**Data extracted from a collection**
------

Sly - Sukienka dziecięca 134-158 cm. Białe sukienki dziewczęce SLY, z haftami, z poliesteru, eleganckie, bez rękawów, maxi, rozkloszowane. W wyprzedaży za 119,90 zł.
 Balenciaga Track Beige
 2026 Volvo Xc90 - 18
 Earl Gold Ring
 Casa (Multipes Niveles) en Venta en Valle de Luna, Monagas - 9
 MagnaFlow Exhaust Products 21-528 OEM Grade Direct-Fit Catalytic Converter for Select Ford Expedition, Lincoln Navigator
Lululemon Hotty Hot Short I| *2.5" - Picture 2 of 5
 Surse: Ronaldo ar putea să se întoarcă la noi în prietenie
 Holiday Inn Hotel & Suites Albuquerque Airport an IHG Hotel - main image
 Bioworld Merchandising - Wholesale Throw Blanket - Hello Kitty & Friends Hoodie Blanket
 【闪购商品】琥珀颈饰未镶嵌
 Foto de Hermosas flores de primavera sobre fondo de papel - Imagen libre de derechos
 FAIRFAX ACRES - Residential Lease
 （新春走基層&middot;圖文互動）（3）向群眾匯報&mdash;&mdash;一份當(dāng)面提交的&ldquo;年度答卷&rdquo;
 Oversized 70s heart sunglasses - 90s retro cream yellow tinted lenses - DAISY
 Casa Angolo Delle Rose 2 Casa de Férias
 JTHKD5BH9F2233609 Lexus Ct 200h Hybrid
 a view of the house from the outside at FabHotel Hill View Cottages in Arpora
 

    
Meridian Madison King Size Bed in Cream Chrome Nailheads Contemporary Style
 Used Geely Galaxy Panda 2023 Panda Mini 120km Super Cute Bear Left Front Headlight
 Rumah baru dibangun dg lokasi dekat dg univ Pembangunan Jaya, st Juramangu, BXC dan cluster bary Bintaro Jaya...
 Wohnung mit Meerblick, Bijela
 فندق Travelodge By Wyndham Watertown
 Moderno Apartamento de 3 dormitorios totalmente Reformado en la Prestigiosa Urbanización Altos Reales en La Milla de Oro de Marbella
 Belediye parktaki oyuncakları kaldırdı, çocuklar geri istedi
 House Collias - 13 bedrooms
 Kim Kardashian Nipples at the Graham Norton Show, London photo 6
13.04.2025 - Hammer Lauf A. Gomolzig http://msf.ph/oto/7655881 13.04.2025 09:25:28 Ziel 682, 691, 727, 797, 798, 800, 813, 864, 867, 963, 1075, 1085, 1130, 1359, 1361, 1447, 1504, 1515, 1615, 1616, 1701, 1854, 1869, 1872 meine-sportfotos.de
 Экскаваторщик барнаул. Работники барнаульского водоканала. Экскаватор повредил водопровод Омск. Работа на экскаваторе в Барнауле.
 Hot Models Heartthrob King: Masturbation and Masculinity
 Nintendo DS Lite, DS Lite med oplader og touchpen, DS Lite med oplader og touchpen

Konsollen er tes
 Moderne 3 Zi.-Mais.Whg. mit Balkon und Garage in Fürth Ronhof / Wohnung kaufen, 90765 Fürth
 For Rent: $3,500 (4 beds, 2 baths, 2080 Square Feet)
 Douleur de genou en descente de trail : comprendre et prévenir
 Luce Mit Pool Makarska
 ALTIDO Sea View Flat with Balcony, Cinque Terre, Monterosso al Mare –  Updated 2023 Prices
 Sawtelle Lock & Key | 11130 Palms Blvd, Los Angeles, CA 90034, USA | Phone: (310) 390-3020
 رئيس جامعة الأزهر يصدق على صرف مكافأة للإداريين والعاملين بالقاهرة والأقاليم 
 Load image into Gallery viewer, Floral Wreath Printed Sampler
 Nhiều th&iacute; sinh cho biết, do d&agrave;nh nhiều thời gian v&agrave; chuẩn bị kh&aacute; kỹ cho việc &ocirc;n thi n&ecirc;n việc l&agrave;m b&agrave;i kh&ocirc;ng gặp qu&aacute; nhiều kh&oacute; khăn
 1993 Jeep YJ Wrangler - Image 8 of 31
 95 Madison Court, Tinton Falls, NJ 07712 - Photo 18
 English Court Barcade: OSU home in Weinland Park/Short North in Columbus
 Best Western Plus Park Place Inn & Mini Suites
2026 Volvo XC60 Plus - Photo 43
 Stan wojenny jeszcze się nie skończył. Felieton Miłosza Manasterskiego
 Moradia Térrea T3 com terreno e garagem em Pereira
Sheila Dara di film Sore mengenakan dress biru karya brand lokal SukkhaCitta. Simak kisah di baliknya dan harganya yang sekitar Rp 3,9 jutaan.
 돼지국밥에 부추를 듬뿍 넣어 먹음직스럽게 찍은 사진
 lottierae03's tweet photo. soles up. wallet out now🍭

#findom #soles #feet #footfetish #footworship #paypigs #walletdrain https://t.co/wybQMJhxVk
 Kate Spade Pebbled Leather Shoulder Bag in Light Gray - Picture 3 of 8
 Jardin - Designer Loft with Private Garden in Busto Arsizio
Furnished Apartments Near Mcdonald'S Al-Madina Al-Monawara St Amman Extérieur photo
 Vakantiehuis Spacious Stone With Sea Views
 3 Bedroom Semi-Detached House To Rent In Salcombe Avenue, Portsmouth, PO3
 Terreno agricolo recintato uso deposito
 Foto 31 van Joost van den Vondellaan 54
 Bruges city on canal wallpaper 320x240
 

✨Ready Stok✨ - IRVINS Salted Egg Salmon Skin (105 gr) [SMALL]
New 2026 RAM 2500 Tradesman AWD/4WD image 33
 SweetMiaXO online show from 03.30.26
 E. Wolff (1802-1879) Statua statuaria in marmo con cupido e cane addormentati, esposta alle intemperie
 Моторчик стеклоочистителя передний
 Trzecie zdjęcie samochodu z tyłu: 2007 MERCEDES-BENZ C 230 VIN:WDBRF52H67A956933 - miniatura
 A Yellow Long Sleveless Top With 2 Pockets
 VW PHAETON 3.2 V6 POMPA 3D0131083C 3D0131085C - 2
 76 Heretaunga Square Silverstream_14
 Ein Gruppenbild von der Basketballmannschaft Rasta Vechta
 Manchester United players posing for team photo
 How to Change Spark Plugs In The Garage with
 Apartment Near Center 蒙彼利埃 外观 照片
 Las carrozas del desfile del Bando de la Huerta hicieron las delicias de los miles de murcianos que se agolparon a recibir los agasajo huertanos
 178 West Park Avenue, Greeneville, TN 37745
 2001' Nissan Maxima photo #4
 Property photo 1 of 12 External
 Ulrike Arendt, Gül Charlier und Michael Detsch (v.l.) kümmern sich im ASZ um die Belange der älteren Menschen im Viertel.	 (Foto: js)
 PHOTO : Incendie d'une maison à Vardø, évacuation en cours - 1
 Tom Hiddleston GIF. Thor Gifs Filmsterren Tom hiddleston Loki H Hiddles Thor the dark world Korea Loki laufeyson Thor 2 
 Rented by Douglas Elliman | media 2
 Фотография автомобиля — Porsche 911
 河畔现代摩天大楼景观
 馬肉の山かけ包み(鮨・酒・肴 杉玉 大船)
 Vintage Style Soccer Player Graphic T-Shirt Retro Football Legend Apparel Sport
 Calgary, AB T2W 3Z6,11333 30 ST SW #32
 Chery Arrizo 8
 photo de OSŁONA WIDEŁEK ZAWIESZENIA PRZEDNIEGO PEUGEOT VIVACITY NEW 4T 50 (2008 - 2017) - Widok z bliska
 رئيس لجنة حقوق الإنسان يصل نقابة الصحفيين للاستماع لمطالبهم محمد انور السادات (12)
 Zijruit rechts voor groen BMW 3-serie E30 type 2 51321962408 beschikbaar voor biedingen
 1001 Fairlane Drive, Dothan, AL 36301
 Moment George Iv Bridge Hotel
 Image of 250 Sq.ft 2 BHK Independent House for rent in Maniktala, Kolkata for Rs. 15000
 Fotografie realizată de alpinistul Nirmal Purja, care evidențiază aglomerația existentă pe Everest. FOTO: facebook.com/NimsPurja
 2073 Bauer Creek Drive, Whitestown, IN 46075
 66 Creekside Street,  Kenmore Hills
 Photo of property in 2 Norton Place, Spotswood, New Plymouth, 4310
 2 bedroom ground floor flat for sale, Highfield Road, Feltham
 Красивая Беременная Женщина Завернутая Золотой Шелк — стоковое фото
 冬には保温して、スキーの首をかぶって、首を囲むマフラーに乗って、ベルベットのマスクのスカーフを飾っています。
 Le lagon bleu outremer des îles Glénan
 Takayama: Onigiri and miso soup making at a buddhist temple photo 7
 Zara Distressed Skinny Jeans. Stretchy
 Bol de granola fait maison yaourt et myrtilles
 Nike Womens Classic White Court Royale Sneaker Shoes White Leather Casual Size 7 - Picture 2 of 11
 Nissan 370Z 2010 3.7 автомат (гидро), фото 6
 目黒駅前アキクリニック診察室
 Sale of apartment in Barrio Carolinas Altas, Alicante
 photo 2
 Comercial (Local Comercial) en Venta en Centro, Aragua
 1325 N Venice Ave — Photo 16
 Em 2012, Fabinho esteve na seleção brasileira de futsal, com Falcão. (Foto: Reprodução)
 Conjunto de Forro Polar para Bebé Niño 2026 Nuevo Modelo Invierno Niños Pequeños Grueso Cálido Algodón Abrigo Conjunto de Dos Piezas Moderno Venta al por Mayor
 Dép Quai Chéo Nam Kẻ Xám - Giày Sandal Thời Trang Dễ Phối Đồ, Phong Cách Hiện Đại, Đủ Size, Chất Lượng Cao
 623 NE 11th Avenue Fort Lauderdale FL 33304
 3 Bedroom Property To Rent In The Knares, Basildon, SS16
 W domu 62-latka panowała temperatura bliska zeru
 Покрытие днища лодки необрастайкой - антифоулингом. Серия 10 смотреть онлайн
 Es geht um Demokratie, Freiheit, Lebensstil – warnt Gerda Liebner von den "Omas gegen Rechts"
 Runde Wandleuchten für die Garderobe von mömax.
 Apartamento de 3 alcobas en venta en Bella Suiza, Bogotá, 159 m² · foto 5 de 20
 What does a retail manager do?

------

**Task to carry out**
Which lines above contain the word "Place"? Copy each of them.

**Completed task**
 Best Western Plus Park Place Inn & Mini Suites
 Photo of property in 2 Norton Place, Spotswood, New Plymouth, 4310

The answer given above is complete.